[[ Records for the exercise, beginning ]]
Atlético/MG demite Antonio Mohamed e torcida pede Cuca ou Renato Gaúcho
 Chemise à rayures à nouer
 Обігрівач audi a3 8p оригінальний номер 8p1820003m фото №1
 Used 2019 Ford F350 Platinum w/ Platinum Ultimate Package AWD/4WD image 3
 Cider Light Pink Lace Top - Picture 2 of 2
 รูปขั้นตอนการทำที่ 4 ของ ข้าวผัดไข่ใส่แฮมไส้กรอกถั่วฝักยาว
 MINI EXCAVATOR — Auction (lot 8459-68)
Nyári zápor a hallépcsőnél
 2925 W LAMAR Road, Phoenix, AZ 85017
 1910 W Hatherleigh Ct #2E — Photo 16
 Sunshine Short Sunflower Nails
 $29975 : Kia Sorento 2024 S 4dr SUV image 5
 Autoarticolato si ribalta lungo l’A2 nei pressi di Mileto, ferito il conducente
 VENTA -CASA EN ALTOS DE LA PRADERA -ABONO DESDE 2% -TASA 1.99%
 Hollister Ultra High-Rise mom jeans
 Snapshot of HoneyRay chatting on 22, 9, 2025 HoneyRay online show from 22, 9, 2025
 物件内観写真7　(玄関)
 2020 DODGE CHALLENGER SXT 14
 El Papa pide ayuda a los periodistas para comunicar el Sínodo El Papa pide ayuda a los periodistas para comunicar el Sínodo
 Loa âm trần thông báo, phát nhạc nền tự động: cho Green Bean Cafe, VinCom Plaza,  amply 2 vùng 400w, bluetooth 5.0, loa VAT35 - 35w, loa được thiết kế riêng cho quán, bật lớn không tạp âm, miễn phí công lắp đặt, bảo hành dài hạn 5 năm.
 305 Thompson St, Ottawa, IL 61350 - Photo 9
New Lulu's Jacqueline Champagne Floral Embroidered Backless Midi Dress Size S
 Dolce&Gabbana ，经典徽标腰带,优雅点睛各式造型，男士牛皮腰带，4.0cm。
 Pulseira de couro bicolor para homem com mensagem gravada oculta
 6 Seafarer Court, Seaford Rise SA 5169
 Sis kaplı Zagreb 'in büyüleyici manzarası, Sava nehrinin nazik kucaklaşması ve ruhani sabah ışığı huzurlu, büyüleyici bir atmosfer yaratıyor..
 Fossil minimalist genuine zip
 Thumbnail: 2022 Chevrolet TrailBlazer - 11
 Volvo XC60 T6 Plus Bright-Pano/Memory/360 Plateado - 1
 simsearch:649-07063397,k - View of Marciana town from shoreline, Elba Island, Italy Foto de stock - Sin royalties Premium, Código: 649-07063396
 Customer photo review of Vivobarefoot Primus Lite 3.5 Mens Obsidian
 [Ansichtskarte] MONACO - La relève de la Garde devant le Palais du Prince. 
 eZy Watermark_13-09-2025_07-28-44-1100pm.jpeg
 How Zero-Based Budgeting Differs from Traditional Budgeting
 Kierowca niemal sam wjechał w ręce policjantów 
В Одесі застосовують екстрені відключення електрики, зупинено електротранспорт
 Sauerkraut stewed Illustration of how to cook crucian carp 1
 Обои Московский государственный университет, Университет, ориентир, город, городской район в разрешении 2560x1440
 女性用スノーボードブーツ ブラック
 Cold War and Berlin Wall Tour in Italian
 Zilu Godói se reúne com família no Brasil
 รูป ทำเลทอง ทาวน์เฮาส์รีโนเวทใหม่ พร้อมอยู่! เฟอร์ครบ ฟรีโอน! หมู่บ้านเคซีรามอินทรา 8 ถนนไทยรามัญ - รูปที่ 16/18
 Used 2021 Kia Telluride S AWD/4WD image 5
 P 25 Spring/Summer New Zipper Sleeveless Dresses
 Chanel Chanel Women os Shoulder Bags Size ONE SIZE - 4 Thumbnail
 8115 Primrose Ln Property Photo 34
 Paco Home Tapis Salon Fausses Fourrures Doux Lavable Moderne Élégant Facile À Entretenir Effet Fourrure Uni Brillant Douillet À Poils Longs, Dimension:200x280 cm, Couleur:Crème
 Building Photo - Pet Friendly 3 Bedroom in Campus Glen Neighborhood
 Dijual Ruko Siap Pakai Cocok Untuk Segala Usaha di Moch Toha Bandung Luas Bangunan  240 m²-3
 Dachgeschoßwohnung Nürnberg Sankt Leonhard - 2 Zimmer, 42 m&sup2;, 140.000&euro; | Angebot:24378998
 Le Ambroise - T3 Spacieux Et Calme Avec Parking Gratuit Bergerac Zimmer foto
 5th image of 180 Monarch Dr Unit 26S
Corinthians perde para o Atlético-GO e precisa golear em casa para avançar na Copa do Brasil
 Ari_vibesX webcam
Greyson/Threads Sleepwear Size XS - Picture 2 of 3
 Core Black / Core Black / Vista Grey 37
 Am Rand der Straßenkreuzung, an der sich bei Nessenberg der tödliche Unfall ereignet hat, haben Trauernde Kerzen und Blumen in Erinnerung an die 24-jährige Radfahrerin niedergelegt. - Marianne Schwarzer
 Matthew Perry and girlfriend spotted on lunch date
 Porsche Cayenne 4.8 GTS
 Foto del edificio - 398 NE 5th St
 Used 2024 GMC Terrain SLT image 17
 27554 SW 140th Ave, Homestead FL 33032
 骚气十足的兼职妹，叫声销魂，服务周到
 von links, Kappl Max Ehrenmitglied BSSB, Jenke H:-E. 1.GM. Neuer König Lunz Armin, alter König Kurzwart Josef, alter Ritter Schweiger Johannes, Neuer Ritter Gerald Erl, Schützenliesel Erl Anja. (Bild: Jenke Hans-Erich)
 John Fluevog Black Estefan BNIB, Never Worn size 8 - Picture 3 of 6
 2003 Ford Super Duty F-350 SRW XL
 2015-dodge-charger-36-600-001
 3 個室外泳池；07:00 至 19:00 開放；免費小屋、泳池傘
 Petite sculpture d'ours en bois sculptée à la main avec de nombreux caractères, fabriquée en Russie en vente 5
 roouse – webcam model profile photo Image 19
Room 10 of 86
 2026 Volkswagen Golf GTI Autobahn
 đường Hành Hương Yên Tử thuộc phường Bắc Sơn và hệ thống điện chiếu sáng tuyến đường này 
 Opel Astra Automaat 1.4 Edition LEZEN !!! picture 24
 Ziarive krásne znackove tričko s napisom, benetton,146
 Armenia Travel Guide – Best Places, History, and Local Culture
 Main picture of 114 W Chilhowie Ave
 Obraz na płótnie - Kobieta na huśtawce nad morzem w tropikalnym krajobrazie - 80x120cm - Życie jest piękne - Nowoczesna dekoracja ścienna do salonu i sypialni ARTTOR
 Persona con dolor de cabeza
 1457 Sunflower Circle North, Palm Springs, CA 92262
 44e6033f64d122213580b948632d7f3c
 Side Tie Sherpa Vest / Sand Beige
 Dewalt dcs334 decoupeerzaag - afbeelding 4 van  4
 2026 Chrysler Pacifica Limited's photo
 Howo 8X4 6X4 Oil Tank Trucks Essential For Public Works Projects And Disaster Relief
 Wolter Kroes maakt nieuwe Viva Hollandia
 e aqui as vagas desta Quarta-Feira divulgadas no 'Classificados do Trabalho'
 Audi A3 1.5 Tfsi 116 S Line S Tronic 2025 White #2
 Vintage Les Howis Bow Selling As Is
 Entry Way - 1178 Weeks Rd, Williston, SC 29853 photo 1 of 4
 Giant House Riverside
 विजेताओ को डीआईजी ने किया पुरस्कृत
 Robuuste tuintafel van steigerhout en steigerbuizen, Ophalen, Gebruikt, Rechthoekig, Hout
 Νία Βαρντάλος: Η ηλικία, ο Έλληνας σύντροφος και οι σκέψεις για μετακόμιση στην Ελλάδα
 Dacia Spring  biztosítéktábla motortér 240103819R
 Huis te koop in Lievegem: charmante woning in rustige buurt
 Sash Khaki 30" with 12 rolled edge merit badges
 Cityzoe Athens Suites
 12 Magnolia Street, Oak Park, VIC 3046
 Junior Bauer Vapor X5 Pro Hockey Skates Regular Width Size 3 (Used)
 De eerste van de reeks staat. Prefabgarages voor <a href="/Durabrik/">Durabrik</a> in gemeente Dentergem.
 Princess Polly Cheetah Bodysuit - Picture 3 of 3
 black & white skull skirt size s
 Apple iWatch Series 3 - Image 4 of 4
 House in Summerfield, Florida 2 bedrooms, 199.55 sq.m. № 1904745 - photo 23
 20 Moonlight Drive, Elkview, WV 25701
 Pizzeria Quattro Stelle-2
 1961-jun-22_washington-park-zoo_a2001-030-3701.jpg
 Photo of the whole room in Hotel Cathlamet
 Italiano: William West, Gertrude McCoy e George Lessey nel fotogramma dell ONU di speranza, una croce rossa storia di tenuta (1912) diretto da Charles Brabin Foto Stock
[[ Records for the exercise, end ]]
● Assignment: The lines from the beginning of the records through the line containing "simsearch:649-07063397,k - View" should be reproduced exactly. Include nothing else.

● Answer to the problem:
Atlético/MG demite Antonio Mohamed e torcida pede Cuca ou Renato Gaúcho
 Chemise à rayures à nouer
 Обігрівач audi a3 8p оригінальний номер 8p1820003m фото №1
 Used 2019 Ford F350 Platinum w/ Platinum Ultimate Package AWD/4WD image 3
 Cider Light Pink Lace Top - Picture 2 of 2
 รูปขั้นตอนการทำที่ 4 ของ ข้าวผัดไข่ใส่แฮมไส้กรอกถั่วฝักยาว
 MINI EXCAVATOR — Auction (lot 8459-68)
Nyári zápor a hallépcsőnél
 2925 W LAMAR Road, Phoenix, AZ 85017
 1910 W Hatherleigh Ct #2E — Photo 16
 Sunshine Short Sunflower Nails
 $29975 : Kia Sorento 2024 S 4dr SUV image 5
 Autoarticolato si ribalta lungo l’A2 nei pressi di Mileto, ferito il conducente
 VENTA -CASA EN ALTOS DE LA PRADERA -ABONO DESDE 2% -TASA 1.99%
 Hollister Ultra High-Rise mom jeans
 Snapshot of HoneyRay chatting on 22, 9, 2025 HoneyRay online show from 22, 9, 2025
 物件内観写真7　(玄関)
 2020 DODGE CHALLENGER SXT 14
 El Papa pide ayuda a los periodistas para comunicar el Sínodo El Papa pide ayuda a los periodistas para comunicar el Sínodo
 Loa âm trần thông báo, phát nhạc nền tự động: cho Green Bean Cafe, VinCom Plaza,  amply 2 vùng 400w, bluetooth 5.0, loa VAT35 - 35w, loa được thiết kế riêng cho quán, bật lớn không tạp âm, miễn phí công lắp đặt, bảo hành dài hạn 5 năm.
 305 Thompson St, Ottawa, IL 61350 - Photo 9
New Lulu's Jacqueline Champagne Floral Embroidered Backless Midi Dress Size S
 Dolce&Gabbana ，经典徽标腰带,优雅点睛各式造型，男士牛皮腰带，4.0cm。
 Pulseira de couro bicolor para homem com mensagem gravada oculta
 6 Seafarer Court, Seaford Rise SA 5169
 Sis kaplı Zagreb 'in büyüleyici manzarası, Sava nehrinin nazik kucaklaşması ve ruhani sabah ışığı huzurlu, büyüleyici bir atmosfer yaratıyor..
 Fossil minimalist genuine zip
 Thumbnail: 2022 Chevrolet TrailBlazer - 11
 Volvo XC60 T6 Plus Bright-Pano/Memory/360 Plateado - 1
 simsearch:649-07063397,k - View of Marciana town from shoreline, Elba Island, Italy Foto de stock - Sin royalties Premium, Código: 649-07063396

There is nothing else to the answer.